Attacks on Christendom in a World Come of Age

Kierkegaard, Bonhoeffer, and the Question of "Religionless Christianity"

About this book

Though Soren Kierkegaard and Dietrich Bonhoeffer both made considerable contributions to twentieth-century thought, they are rarely considered together. Against Kierkegaard's melancholic individual, Bonhoeffer stands as the champion of the church and community. In Attacks on Christendom, Matthew D. Kirkpatrick challenges these stereotypical readings of these two vital thinkers. Through an analysis of such concepts as epistemology, ethics, Christology, and ecclesiology, Kirkpatrick reveals Kierkegaard's significant influence on Bonhoeffer throughout his work. Kirkpatrick shows that Kierkegaard underlies not only Bonhoeffer's spirituality but also his concepts of knowledge, being, and community.
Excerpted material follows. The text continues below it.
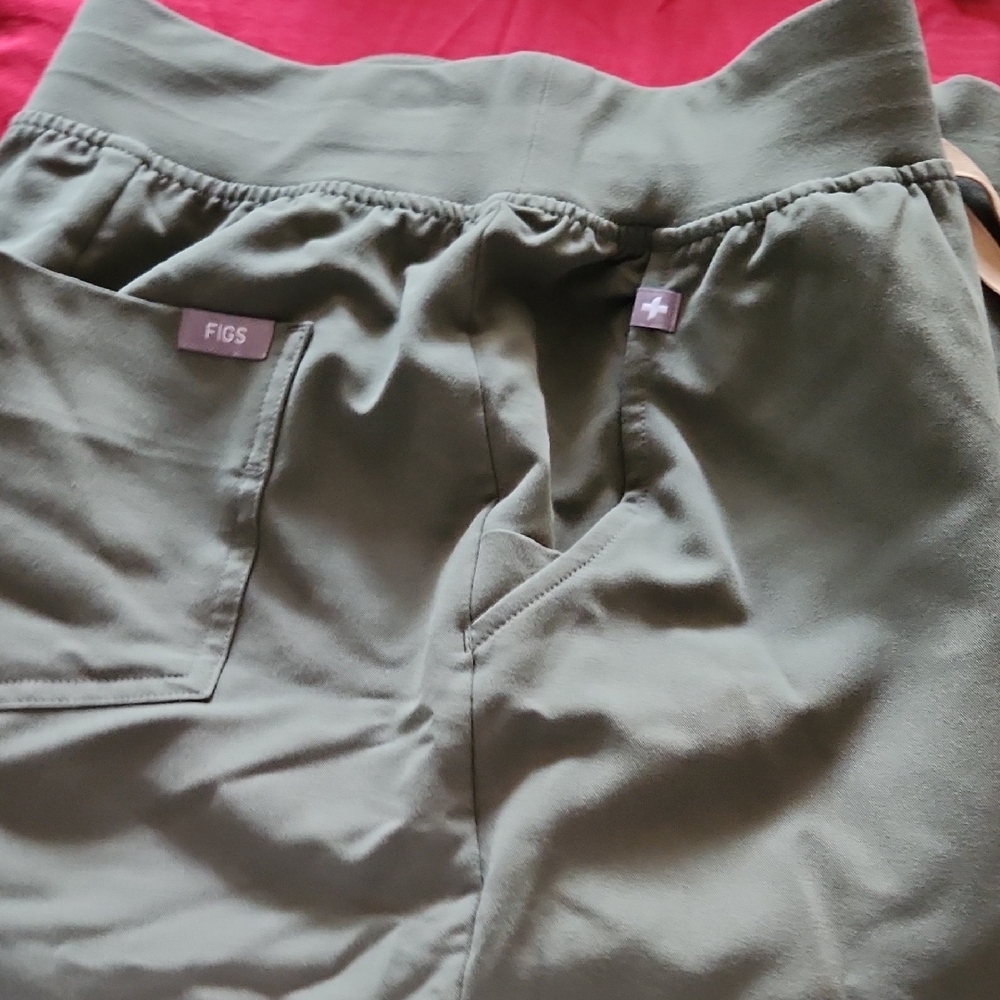 Figs Sage Green Scrub Pants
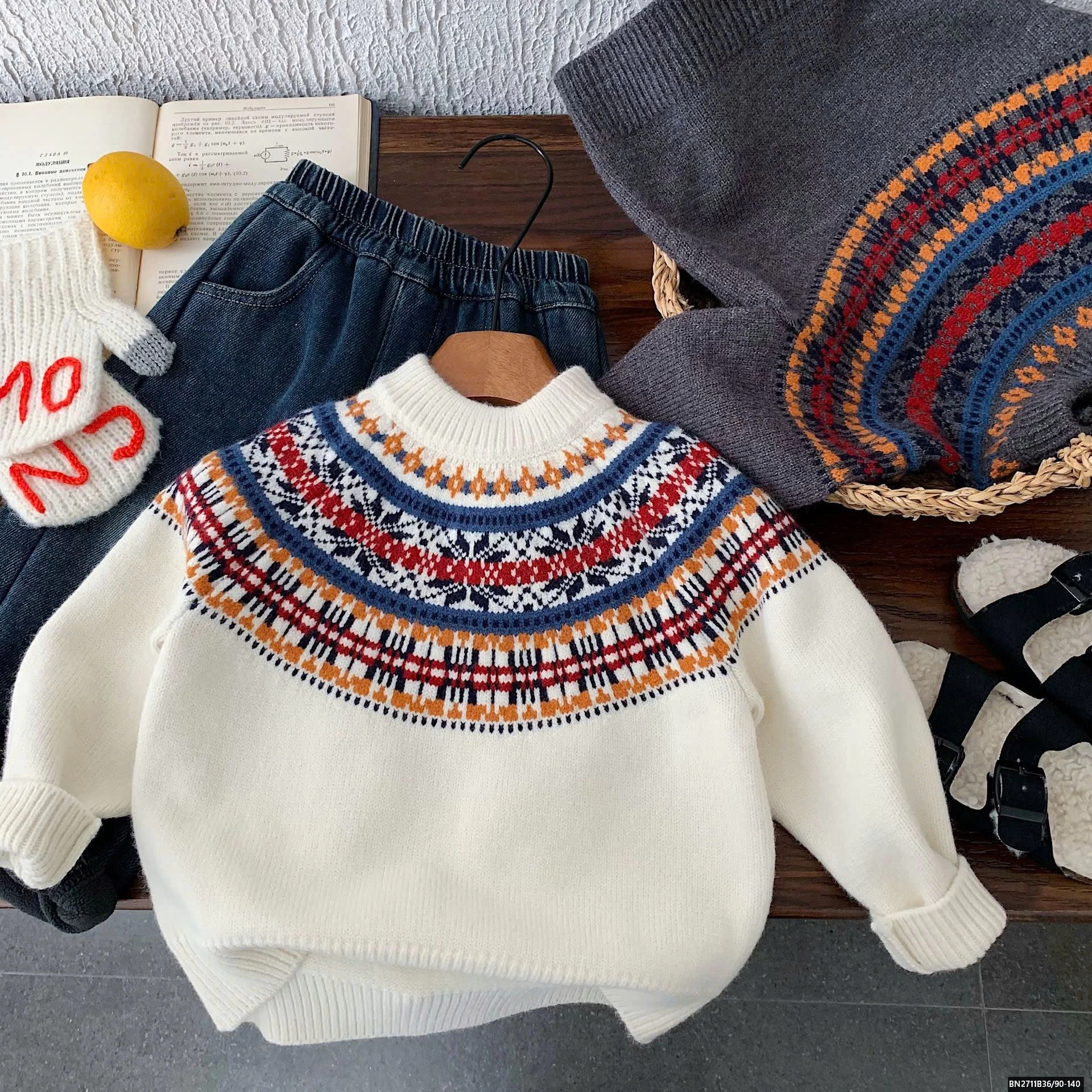 ÁO LEN HỌA TIẾT CỔ TRÒN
So important is this relationship that it was through Kierkegaard's powerful representation of Abraham and Isaac that Bonhoeffer came to adhere to an ethic that led to his involvement in the assassination attempts against Hitler. However, this relationship is by no means one-sided. Attacks on Christendom argues for the importance of Bonhoeffer as an interpreter of Kierkegaard, drawing Kierkegaard's thought into his own unique context, forcing Kierkegaard to answer very different questions. Bonhoeffer helps in converting the obscure, obdurate Dane into a thinker for his own, unique age. Both Kierkegaard and Bonhoeffer have been criticized and misunderstood for their final works that lay bare the religious climates of their nations. In the final analysis, Attacks on Christendom argues that these works are not unfortunate endings to their careers, but rather their fulfilment, drawing together the themes that had been brewing throughout their work.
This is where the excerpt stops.